- _The data_

>>

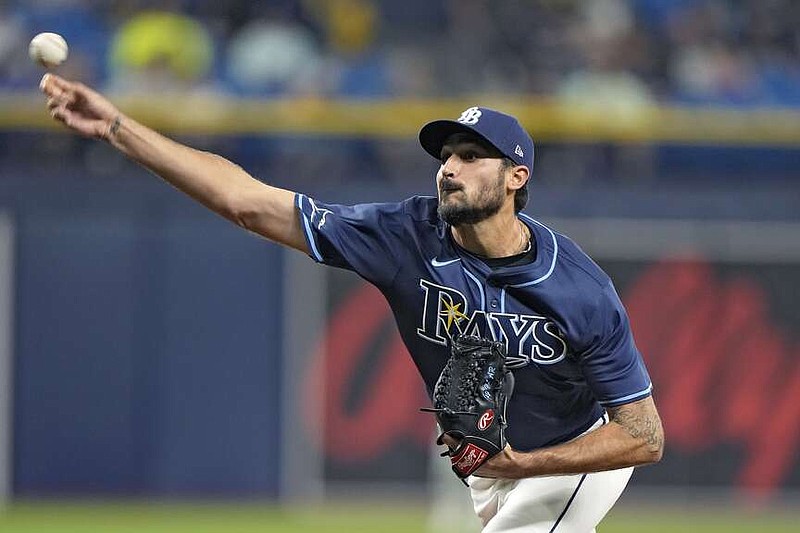 Tampa Bay Rays starting pitcher Zach Eflin delivers to a Texas Rangers batter during the first inning of a baseball game Tuesday, April 2, 2024, in St. Petersburg, Fla. (AP Photo/Chris O'Meara)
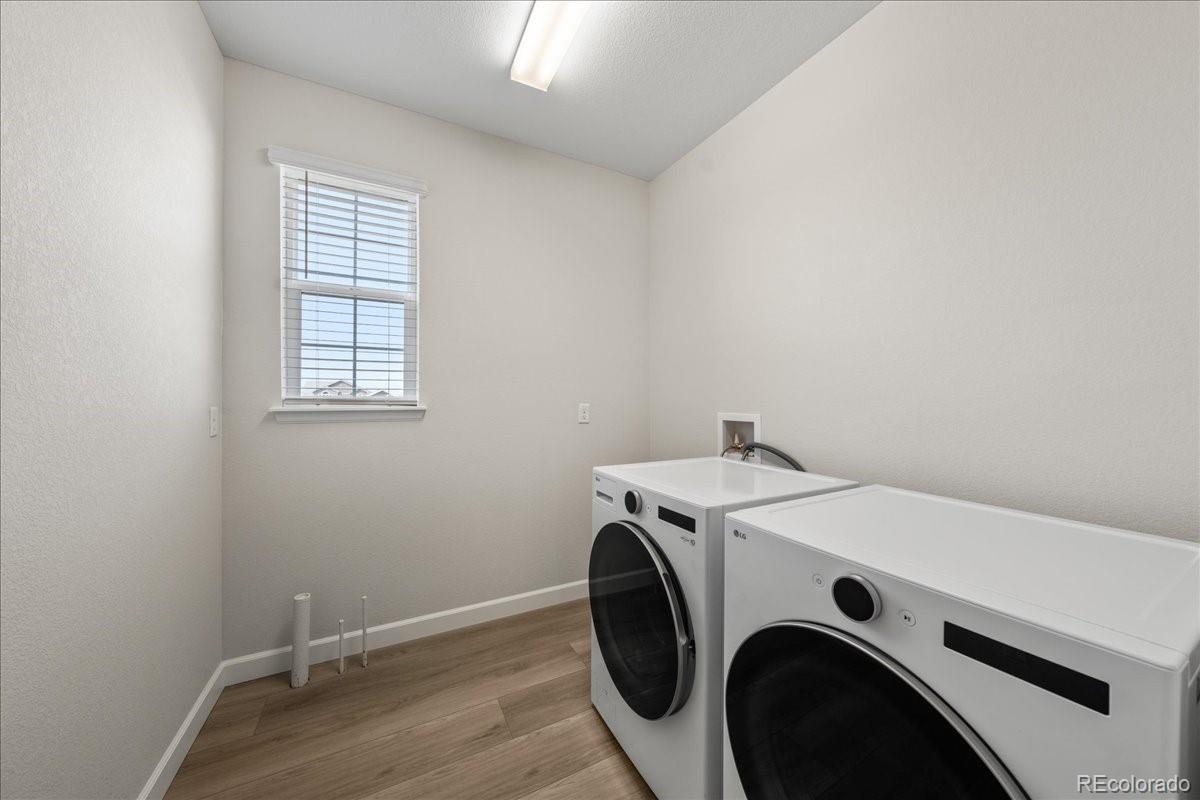 1335 Alyssa Drive Timnath, CO 80547 - Photo 26 of 50 a utility room with dryer and washer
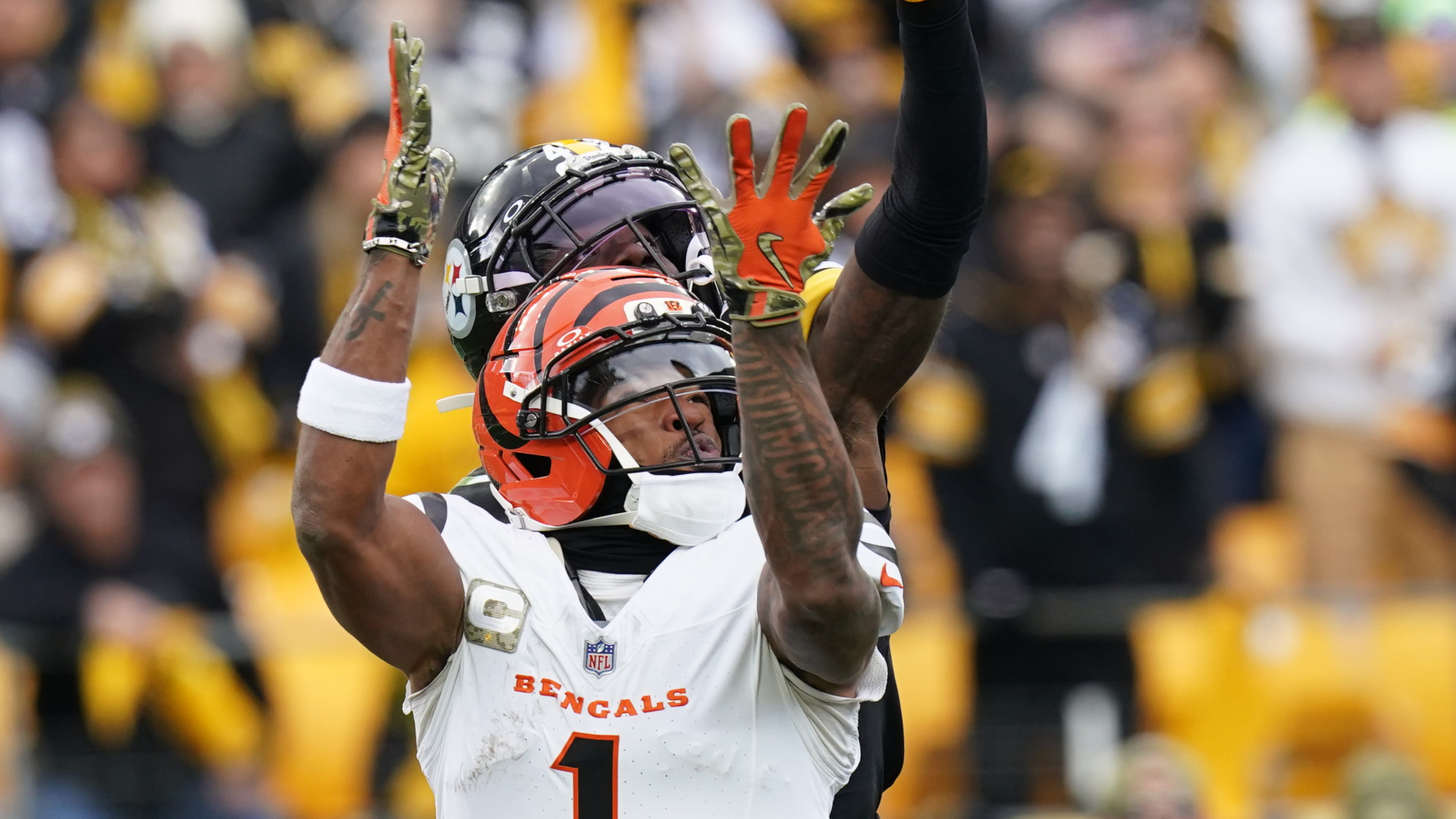 Pittsburgh Steelers cornerback James Pierre (42) breaks up a pass intended for Cincinnati Bengals wide receiver Ja'Marr Chase (1) during the first half of an NFL football game Sunday, Nov. 16, 2025, in Pittsburgh. (AP Photo/Matt Freed)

<<

- _Exercise objective_
The images are to be left out; every line above should be set down exactly.

- _Exercise result_
 Tampa Bay Rays starting pitcher Zach Eflin delivers to a Texas Rangers batter during the first inning of a baseball game Tuesday, April 2, 2024, in St. Petersburg, Fla. (AP Photo/Chris O'Meara)
 1335 Alyssa Drive Timnath, CO 80547 - Photo 26 of 50 a utility room with dryer and washer
 Pittsburgh Steelers cornerback James Pierre (42) breaks up a pass intended for Cincinnati Bengals wide receiver Ja'Marr Chase (1) during the first half of an NFL football game Sunday, Nov. 16, 2025, in Pittsburgh. (AP Photo/Matt Freed)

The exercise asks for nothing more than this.